But my brother always had big ear lobes; he raised his arms quickly and his ear lobe covered the tattoo. He put his arms down just as quickly, and no one saw his tattoo. He was sent home in 1948, and once back in Hungary, which had become a communist country, he was able to escape across the closed border into West Germany.


The years 1946 to 1948 were very bad in Russia. There were shortages of everything, and what there was, Stalin tried to stockpile in case the cold war escalated. So it was a very bad time for citizens, but it was even worse for prisoners.

From October of 1946 to January of 1948 nobody in the camp was really working. The guards didn’t make us work because they knew we had no energy. We were starving. Of 3000 prisoners, maybe 100 might go out for three or four hours a day to bring in
any supplies that might be available to keep us alive.

During this period, I got down to 45 kilos, under 100 pounds. Sometimes if I had to climb a couple of steps, everything would go black for a few seconds because I was so weak from hunger.

Of course as a prisoner there were times when I would think of holidays or home, think of girls or what my family might be doing. But during the time we were starving, we only thought of food. We didn’t think of home or freedom or family. We thought of food and nothing else. Only food.

And we would look for food whenever we could. Of course searching for it backfired on me and other prisoners more than once. One time when we were outside, a German prisoner found some mushrooms. He heated the blade of a shovel and fried the mushrooms right on it. Well, I thought I wanted some of those, and I went looking for mushrooms so I could do the same thing. I found some, heated them the same way, and ate them right up. Oh boy. An hour later I had the worst stomach pains, and my eyesight went all crazy. They sent me to the camp doctor in a little barrack where they did some medical work.

In that place, they stuck a tube down my throat and pumped water into my stomach. Oh, it was terrible. Other guys had to hold me down, and I gagged and gagged. But all that stuff came up. Then they stuck a tube in the other end and washed me out that way too. Oh man. They gave me no food for four days. But I guess it saved me from those bad mushrooms. I’m still here.

Sometimes we would look around in the garbage from the guards’ quarters. I knew a guy who found some old coffee grounds and ate them. But he got so sick that he landed in the medical barrack.

The Russians would doctor some of their stuff so prisoners wouldn’t try to eat it. I remember one time a guy came across a barrel with some kind of oil in it. When he stuck his finger in and tasted it, he thought it tasted a little like sunflower seed oil, so he took some back to the barrack and later put it on a crust of bread. After that he had nothing but diarrhea for three or four days. The Russians had put something in the oil, I’m sure.

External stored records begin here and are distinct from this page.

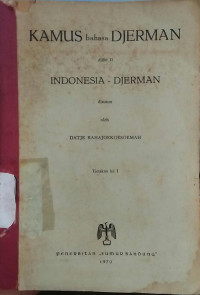 Kamus Bahasa Djerman; Indonesia - Djerman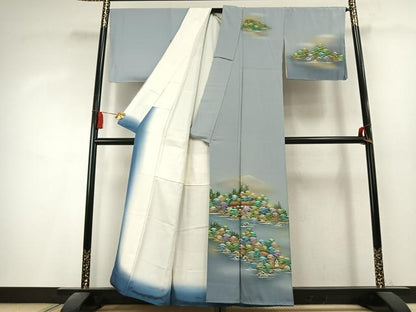 平和屋着物●訪問着　風景文　暈し染め　金彩　正絹　逸品　未使用　AABK8103fy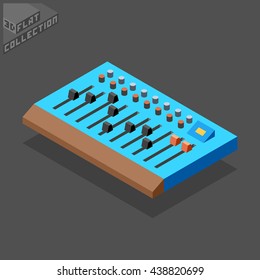 Mixing Console. Musical Equipment. 3D Isometric Low Poly Flat Design. Vector illustration.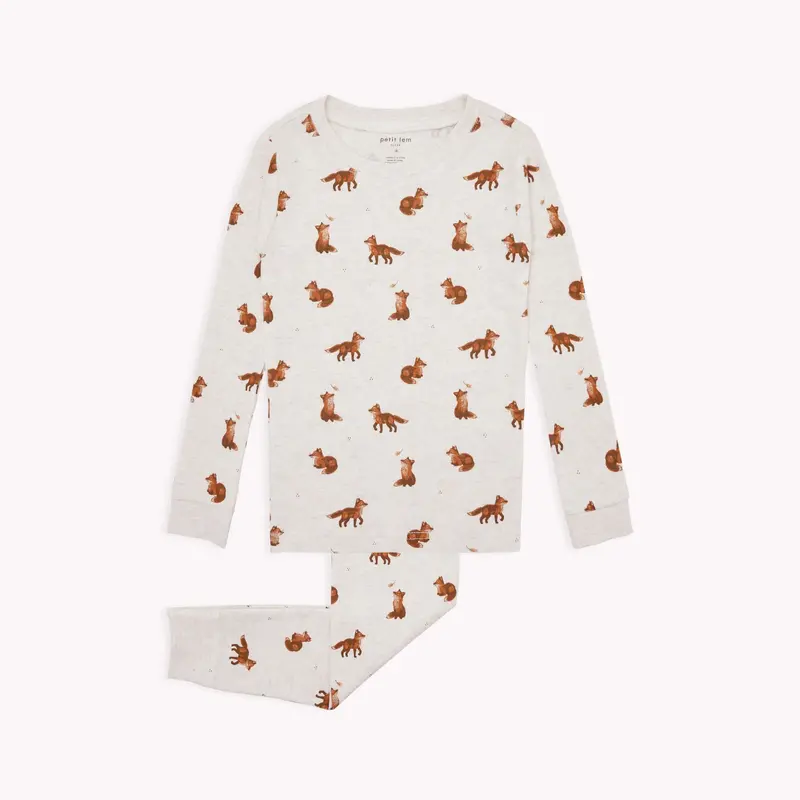 Petit Lem Fox Print on Oatmeal PJ Set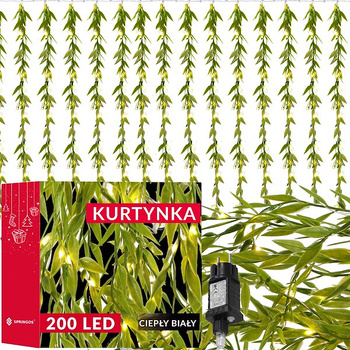 LED-Light Curtain Willow Leaves 8 Modes 200 Warm White Diodes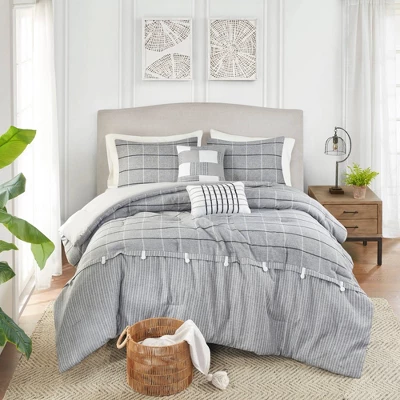 Madison Park 5pc Oakdale Faux Linen Jacquard Comforter Set Gray 3 Madison Park 5pc Oakdale Faux Linen Jacquard Comforter Set Gray - Image 3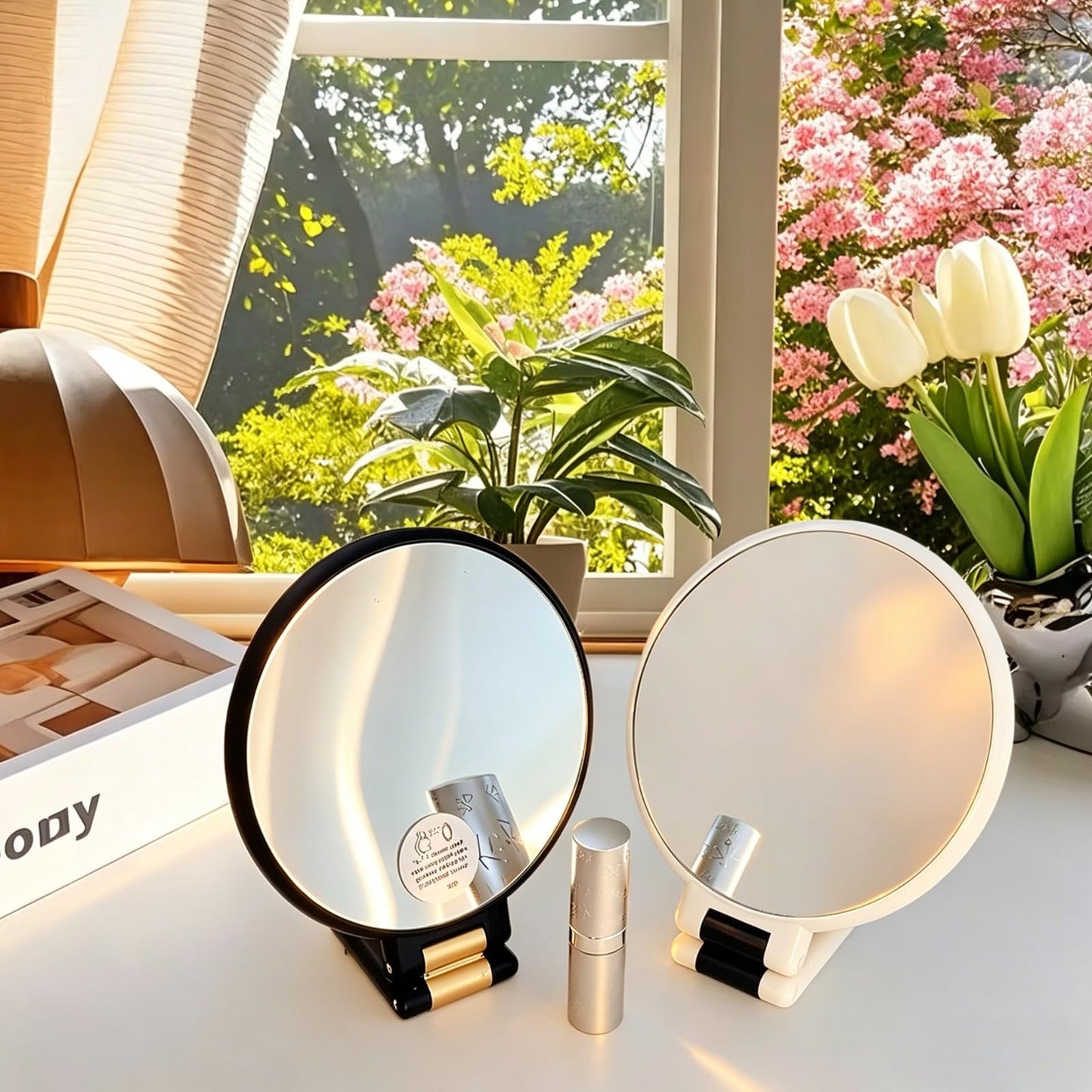 LOINRAW6 Double Sided Magnifying Handheld Mirror High Magnification Ideal for Precision Makeup Eyebrow Grooming Skincare Travel Size Desig (Black)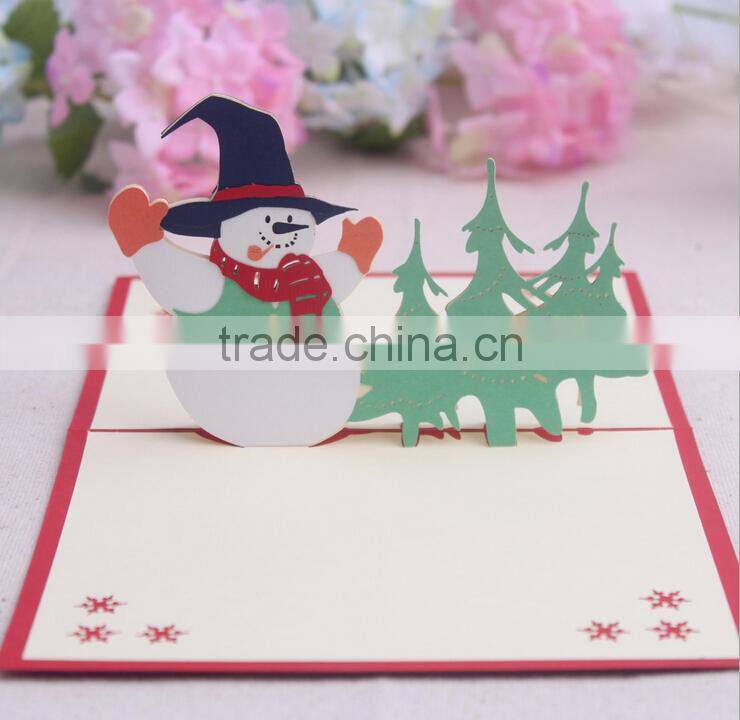 3D Christmas Snowman Christmas Tree Greeting Cards Handmade Christmas Decoration Greeting Card Wholesale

Early in 1948 the ruble was devalued and new money was printed. Things improved at Nizhny Tagil; they fed us more and we could work again. And again we started thinking of things other than food.

First-Class Liars

Sometimes I’m asked how I could put up with forced labor for so long, and the answer is that we always had hope. We always hoped we’d go home. And the Russian mentality to keep prisoners from giving up hope was to promise us something three months in the future. Actually, to lie about the future.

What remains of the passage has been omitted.